Çocukların rehabilitasyonu ile ilgili her şeyden ben sorumlu olduğum için bakım elemanlarının çalışmasını denetlemek de benim işim. İşte burada işler biraz karışmaya başlıyor. Gözümün önünde yapılan haksızlıklara müdahale edemiyorum. Bana yapılan her şeyin şimdi başkalarına yapılmasının önüne geçmeye çalışıyorum. Gücüm yetmiyor. Yine de her şey bitmedi diyorum, her yolu deniyorum.
İhaleler yapılıyor. Yine gözümün önünde, aslında herkesin gözünün önünde haksız kazançlar sağlanıyor. Kurumda yatıp kalkan müdür ve ona bütün pis işler konusunda gaz veren oda arkadaşı memur, bolluk, refah, vicdansızlık içinde yaşayıp gidiyorlar. İhaleleri pasladıkları şirketler tarafından yediriliyor, giydiriliyor, taşınıyorlar.

Delirmekten cidden korkuyorum, fakat bunlar karşısında duyarsız olmaktan daha çok korktuğum kesin.

(İhbar etmiş kadar olmuşum bu yazıyla da.
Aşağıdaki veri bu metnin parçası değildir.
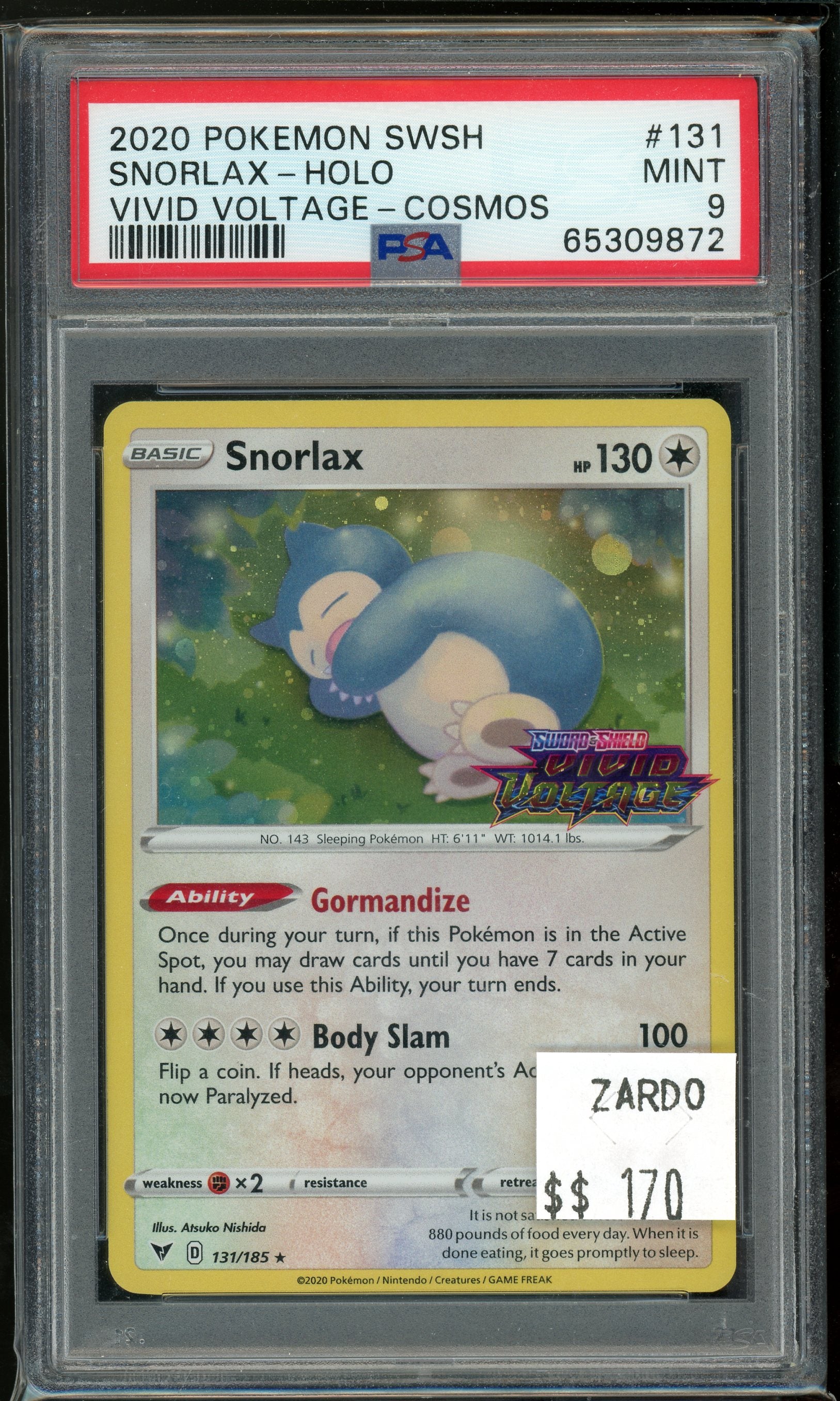 PSA 9 SNORLAX-HOLO VIVID VOLTAGE-COSMOS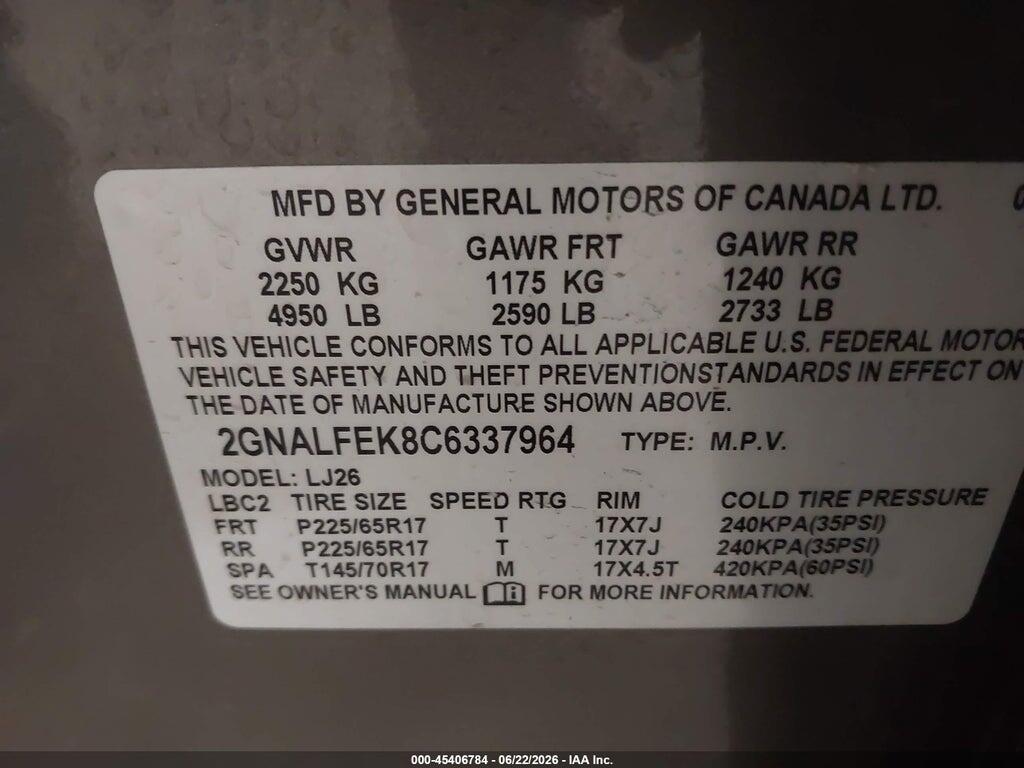 2GNALFEK8C6337964 2012 CHEVROLET EQUINOX photo no. 9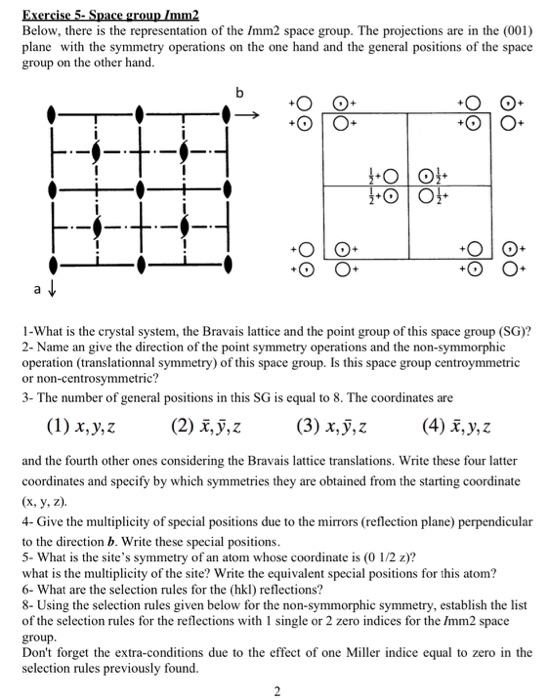 Exercise 5- Space group Imm2 Below, there is the representation of the Imm2 space group. The projections are in the (001) pla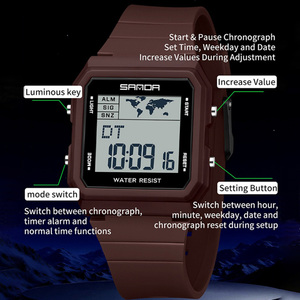 SANDA 2217 Unisex Student Multifunctional <b>Digital</b> Watch Dual‑Time Calendar Alarm <b>Clock</b> Waterproof Outdoor Sports Watch - Product Image 3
Ve galiba bu biraz hoşuma gitti.)

2 yorum:

Romanesk dedi ki...

Tebrik ediyorum sizi.Kurgu olup olmadığını bilmiyorum yazdıklarınızın,kurgu değilse daha çok tebrik ediyorum sizi."Çok parası ve mühim torpilleri olanların havası karşısında biraz üşüyorum." yazmışsınız.Bu cümlenizi anlayamadım bir tek...Saygılarımı sunuyorum.

gazoz kapağı dedi ki...

Ara ara bloğu inceliyorum. okuduklarım karşısında "dindarlık" açısından örnek aldığım insanlardan birisiniz. Size dua ediyorum. Rabbim sizi, mücadelenizi, kuvvetinizi korusun ve arttırsın.